Collectively I hope these pieces give some sense of what I see as a new relationship between art and cities. A relationship not confined to or reliant upon expensive buildings. An art that doesn’t hide away from the busyness of the city, but that acts as a means of re-ordering or re-imagining it. An art of strategies and behaviours. Of ways of seeing and ways of doing.
Each of these pieces offers some new way of engaging with the city – they are new ways of remembering or new ways of looking or new ways of communicating.
If, as I said at the start, the city is a text written and rewritten constantly – then art such as this can be a new way for people to read that text – a different way of experiencing the city.
A city is not made up of buildings and roads. It is made up of people. Without people it is not a city it is a ruin.

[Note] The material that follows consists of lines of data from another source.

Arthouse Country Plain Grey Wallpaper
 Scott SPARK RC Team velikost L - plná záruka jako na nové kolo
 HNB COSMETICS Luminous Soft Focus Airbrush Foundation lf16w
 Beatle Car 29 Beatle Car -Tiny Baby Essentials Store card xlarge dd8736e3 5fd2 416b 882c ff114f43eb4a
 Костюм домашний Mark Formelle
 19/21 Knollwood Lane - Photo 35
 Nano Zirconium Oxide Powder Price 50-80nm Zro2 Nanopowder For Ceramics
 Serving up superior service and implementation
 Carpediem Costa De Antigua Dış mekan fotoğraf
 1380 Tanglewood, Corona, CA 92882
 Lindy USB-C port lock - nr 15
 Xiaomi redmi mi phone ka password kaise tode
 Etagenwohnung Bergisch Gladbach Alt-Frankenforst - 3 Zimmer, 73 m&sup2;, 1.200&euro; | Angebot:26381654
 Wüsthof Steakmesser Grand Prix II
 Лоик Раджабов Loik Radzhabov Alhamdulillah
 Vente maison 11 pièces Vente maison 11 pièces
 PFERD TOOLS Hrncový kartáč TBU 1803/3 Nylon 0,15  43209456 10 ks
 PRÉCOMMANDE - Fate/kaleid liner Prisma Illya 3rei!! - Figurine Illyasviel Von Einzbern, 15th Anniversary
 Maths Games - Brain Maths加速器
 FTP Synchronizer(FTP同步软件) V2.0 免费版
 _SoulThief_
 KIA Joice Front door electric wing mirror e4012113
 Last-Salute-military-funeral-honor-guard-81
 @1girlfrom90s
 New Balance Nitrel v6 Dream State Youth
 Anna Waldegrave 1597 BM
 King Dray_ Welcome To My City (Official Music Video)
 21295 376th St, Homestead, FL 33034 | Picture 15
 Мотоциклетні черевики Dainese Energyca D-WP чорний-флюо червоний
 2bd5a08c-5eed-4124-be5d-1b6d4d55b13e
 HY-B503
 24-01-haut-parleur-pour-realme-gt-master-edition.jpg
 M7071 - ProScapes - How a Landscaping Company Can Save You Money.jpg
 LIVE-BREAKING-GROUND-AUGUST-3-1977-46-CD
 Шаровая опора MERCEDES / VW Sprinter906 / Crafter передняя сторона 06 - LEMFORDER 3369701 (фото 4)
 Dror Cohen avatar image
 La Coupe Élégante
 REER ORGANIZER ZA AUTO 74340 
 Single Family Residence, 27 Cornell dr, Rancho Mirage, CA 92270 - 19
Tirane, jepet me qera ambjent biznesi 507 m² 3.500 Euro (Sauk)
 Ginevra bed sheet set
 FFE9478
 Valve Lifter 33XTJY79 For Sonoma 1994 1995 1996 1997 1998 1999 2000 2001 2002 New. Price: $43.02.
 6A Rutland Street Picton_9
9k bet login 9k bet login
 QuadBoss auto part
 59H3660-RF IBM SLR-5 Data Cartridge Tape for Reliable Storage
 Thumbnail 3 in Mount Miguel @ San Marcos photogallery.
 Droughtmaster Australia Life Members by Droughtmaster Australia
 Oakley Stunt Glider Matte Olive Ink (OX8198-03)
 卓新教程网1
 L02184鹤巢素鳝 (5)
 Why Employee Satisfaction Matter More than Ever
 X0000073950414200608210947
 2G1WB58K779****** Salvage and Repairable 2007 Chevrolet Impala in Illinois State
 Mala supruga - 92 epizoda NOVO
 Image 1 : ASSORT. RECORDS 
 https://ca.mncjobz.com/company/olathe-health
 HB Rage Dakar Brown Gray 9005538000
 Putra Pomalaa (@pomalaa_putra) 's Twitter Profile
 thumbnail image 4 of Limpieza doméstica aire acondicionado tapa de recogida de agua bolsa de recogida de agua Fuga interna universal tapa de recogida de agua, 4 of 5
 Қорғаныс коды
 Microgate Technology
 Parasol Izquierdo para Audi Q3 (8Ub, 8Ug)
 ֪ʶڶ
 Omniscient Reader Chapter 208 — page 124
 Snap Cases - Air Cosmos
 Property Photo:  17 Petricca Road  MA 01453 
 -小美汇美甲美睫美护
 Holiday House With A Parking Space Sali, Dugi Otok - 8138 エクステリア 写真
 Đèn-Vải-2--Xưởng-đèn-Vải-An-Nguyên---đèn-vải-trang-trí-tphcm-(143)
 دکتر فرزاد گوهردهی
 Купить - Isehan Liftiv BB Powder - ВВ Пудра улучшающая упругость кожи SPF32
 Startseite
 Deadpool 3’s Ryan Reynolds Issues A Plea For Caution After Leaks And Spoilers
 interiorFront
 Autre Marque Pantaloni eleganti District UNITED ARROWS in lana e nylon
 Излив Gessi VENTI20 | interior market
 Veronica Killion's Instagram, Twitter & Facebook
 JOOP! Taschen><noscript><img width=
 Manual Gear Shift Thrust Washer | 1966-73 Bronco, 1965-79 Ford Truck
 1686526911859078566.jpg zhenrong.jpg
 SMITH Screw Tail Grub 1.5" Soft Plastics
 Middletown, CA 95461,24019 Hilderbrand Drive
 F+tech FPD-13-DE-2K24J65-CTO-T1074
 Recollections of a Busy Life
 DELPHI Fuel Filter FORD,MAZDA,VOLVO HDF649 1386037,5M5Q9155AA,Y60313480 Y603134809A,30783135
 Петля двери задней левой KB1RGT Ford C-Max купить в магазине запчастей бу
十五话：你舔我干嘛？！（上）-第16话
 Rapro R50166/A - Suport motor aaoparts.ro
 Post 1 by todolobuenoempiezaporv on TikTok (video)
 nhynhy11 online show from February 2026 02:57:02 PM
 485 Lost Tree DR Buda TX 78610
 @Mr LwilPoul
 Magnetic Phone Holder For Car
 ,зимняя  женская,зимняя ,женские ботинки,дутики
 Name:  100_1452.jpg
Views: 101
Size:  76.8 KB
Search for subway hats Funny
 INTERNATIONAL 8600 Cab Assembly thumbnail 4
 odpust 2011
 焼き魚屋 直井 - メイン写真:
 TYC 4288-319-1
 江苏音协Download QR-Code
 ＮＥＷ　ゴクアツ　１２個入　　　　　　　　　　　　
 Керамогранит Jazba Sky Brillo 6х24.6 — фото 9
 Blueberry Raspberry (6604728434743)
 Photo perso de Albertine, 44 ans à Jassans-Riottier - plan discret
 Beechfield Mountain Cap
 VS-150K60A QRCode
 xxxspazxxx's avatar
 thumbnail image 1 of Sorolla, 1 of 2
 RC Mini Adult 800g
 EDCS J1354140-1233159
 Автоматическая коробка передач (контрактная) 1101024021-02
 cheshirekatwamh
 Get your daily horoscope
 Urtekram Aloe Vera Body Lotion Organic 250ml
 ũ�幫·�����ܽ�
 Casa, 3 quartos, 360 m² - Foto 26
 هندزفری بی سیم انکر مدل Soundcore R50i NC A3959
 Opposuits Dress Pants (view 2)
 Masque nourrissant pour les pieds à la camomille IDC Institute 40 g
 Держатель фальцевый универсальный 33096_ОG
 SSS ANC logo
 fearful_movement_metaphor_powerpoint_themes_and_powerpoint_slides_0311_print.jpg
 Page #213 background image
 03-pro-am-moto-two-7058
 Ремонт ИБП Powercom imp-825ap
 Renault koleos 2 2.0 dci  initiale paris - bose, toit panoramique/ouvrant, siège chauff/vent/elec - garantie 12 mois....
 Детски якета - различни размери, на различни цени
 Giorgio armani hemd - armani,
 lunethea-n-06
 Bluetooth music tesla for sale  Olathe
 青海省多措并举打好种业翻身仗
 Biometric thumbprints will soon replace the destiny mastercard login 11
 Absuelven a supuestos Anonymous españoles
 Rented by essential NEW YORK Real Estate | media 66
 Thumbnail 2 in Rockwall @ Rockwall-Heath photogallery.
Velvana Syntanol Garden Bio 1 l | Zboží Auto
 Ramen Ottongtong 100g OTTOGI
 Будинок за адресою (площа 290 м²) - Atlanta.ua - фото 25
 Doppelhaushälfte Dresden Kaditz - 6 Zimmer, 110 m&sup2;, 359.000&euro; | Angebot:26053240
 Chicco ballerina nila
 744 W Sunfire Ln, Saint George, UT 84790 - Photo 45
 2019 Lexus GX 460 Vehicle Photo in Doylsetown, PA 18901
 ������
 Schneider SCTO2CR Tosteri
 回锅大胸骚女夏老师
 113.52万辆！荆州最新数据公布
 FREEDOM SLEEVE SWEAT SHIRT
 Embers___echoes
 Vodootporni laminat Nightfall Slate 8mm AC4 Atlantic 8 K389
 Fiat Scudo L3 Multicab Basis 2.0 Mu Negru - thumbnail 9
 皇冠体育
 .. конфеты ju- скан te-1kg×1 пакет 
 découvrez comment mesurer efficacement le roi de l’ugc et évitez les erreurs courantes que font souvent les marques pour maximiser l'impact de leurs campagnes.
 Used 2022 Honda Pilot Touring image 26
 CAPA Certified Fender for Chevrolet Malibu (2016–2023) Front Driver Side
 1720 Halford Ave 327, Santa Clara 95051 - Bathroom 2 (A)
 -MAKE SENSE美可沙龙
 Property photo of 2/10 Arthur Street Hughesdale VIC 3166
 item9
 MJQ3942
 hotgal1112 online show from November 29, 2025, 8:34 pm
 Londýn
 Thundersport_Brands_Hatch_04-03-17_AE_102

People make the city and so to change that city it is not always necessary to be knocking things down and building expensive new things in their place. We can change the city by changing the way that people exist within it – by encouraging them to re-imagine their experience of that city. Busy, alienating areas can be filled with stories and history (and thus a sense of community) by getting people to look at them a different way.
In a time of financial hardship and environmental danger, Art of this kind can be vital in showing us how to make the best use of what we already have.
Artists can be city planners, architects, archivists, tour guides, mourners, builders, activists, mapmakers. And people working in all of those professions should also think of themselves as potential artists.
Art should be understood and supported as more than just ‘cultural recreation’. Not as something nice to be put into the city but as a vital way of thinking about what a city is and how it works. And how it might work better.